WHAT NEEDS TO BE DONE:
Please read the records below and return each line holding the string "Sunglasses".

Crawled caption data:
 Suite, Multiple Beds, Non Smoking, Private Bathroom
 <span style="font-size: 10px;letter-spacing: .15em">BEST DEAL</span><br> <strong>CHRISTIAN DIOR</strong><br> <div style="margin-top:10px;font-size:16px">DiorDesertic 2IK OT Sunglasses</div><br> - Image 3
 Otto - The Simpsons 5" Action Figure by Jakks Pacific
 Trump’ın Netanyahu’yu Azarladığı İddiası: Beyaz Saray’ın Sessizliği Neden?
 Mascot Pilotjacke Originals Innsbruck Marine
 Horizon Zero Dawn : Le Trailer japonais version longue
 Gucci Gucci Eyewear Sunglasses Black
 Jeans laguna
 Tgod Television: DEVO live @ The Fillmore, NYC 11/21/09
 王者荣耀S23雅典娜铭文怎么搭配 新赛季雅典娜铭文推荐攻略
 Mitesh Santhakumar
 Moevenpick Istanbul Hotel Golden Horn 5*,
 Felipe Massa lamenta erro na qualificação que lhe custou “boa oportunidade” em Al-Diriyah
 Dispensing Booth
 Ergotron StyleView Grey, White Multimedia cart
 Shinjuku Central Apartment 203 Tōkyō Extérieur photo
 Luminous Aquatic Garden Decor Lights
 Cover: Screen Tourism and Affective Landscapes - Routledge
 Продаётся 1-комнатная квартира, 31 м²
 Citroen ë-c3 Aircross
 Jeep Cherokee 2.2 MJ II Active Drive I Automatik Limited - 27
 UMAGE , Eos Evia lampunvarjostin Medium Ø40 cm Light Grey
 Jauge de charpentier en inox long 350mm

EXERCISE RESULT:
 <span style="font-size: 10px;letter-spacing: .15em">BEST DEAL</span><br> <strong>CHRISTIAN DIOR</strong><br> <div style="margin-top:10px;font-size:16px">DiorDesertic 2IK OT Sunglasses</div><br> - Image 3
 Gucci Gucci Eyewear Sunglasses Black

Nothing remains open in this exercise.